L’incidente d’auto che ha portato in coma Tristam Latimer Sayer ha imposto ai Breathless di “ripensare” in corsa l’atteso disco del ritorno, con Ari Neufeld costretta a reinventarsi in qualche modo batterista, ovvero a sezionare frammenti di ritmo e a svilupparne il loop su macchina, in modo da fornire un seppur sparuto e labile gancio ritmico ai nove pezzi di See Those Colours Fly, l’album che a dieci anni da Green to Blue arricchisce la tavola di colori della band inglese con qualche tonalità più accesa. Sintetiche e ripensate al laptop sono anche gran parte dei tappeti melodici creati e poi sviluppati da Ari durante il periodo del lockdown e della sua convalescenza medica che le ha impedito per lungo tempo di imbracciare uno strumento a corda.
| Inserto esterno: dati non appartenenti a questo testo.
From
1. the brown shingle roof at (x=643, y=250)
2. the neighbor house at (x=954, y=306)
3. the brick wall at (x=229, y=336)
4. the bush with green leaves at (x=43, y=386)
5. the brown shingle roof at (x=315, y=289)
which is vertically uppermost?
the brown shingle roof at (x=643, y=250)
Indipendentemente dalle sue peculiarità circostanziali, See Those Colours Fly è un disco che emana grande bellezza e che si muove dentro spazi infiniti e pinkfloydiani (come il fluire algido di The City Never Sleeps o quel lento meriggiare alla Red House Painters o alla Galaxie 500 che dilata il suo tempo dentro Somewhere Out of Reach), eterei e trascendenti. So Far from Love esplode invece come una sfera di pluriball che rilascia molecole di gas shoegaze decompresse ma la compostezza dei Breathless, la loro forza antigravitazionale rimane immutata. Sospesa a miglia e miglia dal suolo, la band inglese galleggia come una massa gassosa fra noi e il resto della galassia. Lasciandoci senza fiato, ça va sans dire.